Há pelo menos um consenso entre os especialistas ouvidos pelo Jornal do Comércio: a supersafra está precificada. Ou seja, não há condições previsíveis para que o preço do bushel caia dos US$ 9,00. Uma recuperação maior dependeria, por outro lado, de uma quebra da produção sul-americana, especialmente no Brasil e na Argentina. "O plantio está atrasado no Brasil devido ao período de seca prolongada do Sudeste para cima. Os contratos vão ser empurrados para cima enquanto houver estresse de seca em estados como o Mato Grosso, Goiás, Piauí, Maranhão e Bahia", diz o consultor Carlos Cogo.
No Rio Grande do Sul, onde o plantio acontece mais tarde, as opiniões são divergentes, mas ninguém aposta em redução significativa da área, mesmo com os ganhos financeiros mais baixos em comparação com a última safra. Afinal, a demanda mundial, puxada pela China, subiu 4,5% em 2014, e há perspectiva de incremento de 5% em 2015. Além disso, a soja segue mais rentável do que o milho, que também sofre com a desvalorização no mercado internacional. Para Luiz Gutierrez, da consultoria Safras & Mercado, o cultivo ocupará 4% mais espaço, chegando aos 5,2 milhões de hectares, enquanto a produção subirá 9%, atingindo a marca de 14,56 milhões de toneladas no Estado. Mais reticente, o economista Antônio da Luz, da Federação da Agricultura do Rio Grande do Sul (Farsul) aposta em estabilidade em nível estadual e retração de 1% na área nacional.
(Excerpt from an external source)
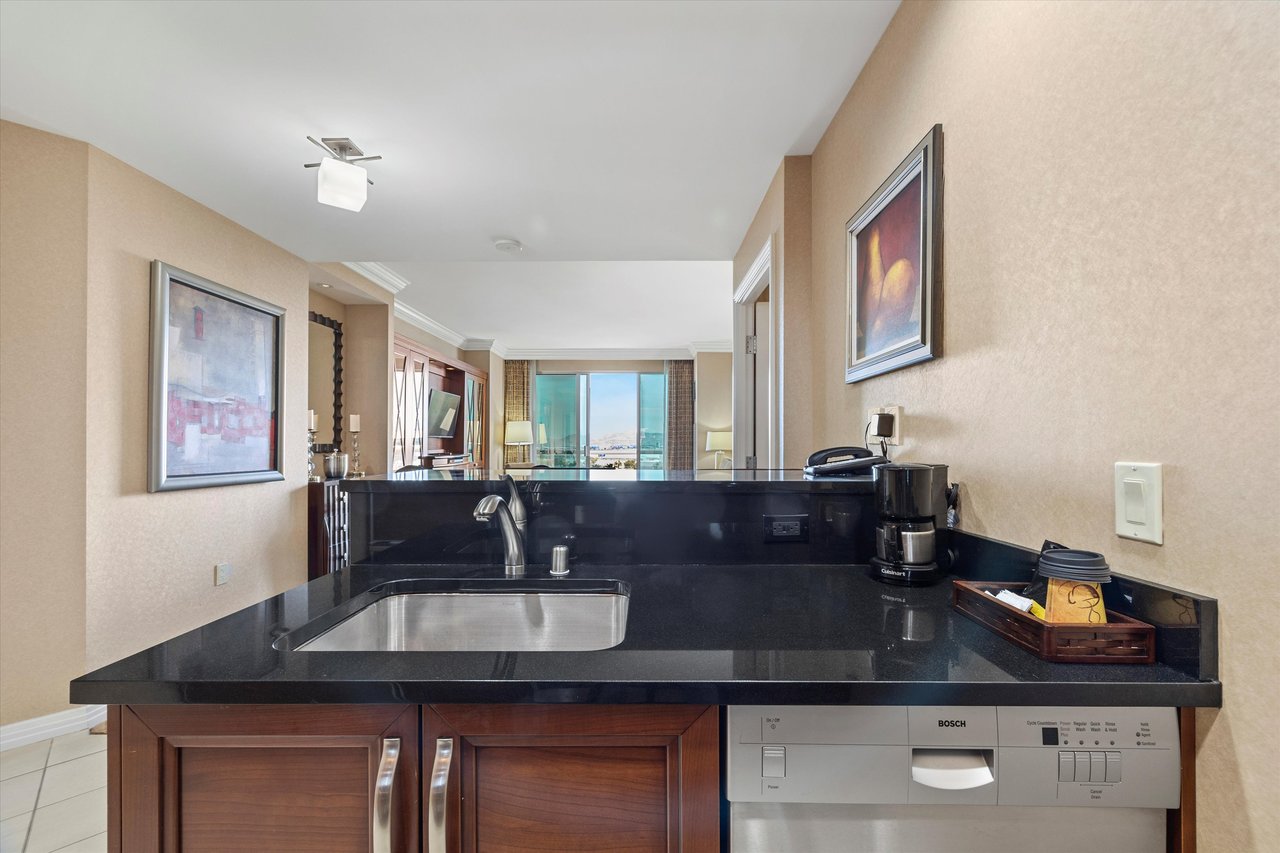 125 East Harmon Avenue 3520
Em relação à comercialização, a valorização do dólar pode recuperar, até certo ponto, a rentabilidade de quem planta no Brasil. A tendência, segundo os economistas, é de que a cotação siga em alta no próximo ano, tendo em vista o processo de recolhimento da moeda em circulação promovido pelo governo dos Estados Unidos. "Cerca de 90% dos insumos para a safra nacional foram comprados com o dólar na faixa de R$2,20. Todo o ganho do dólar a partir de agora será transferido diretamente para o preço. Ou seja, se estiver em R$ 2,50 em maio, quando realizarmos a colheita, o produtor terá um ganho real de 14% sobre esse valor", explica Cogo.
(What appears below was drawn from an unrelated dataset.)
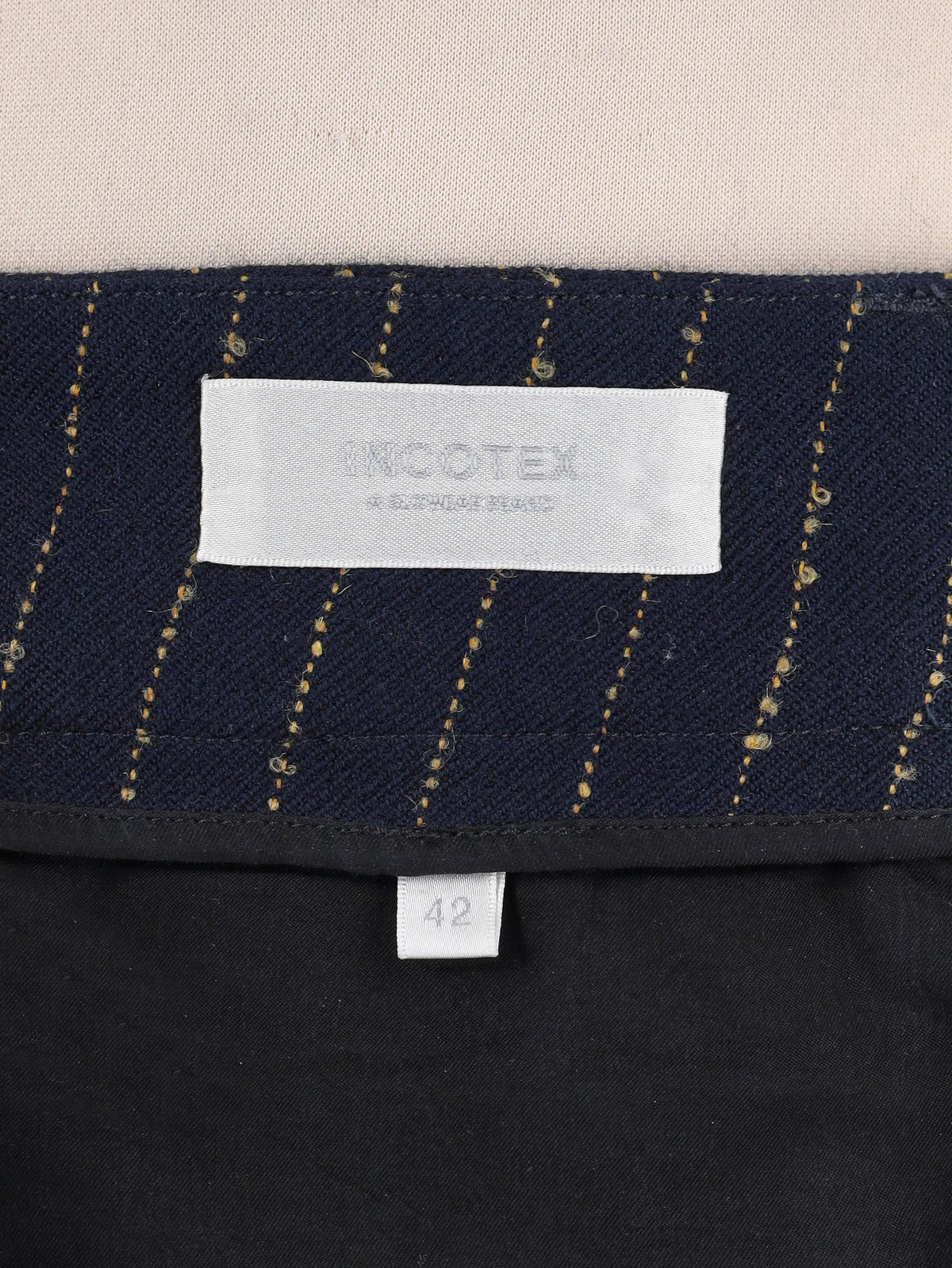 Incotex Pinstripe Trousers WCV30052025.43  Incotex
Consultores agrícolas recomendam venda no mercado futuro
A venda no mercado futuro, estratégia comum nos Estados Unidos, não é amplamente difundida entre os produtores brasileiros. Atu- almente, apenas cerca de 14% da safra nacional foi negociada antecipadamente. Na mesma época do ano passado, por exemplo, o índice era de 35%. Os agricultores gaúchos, por sua vez, anteciparam a venda de menos de 5% da produção até o momento, o que pode ser explicado pela baixa cotação da soja no mercado internacional. "Não se trata de um erro, pois não havia bons preços para fixar. Além disso, a maioria dos produtores estava capitalizada e preferiu comprar insumos à vista, por exemplo", explica o consultor Carlos Cogo.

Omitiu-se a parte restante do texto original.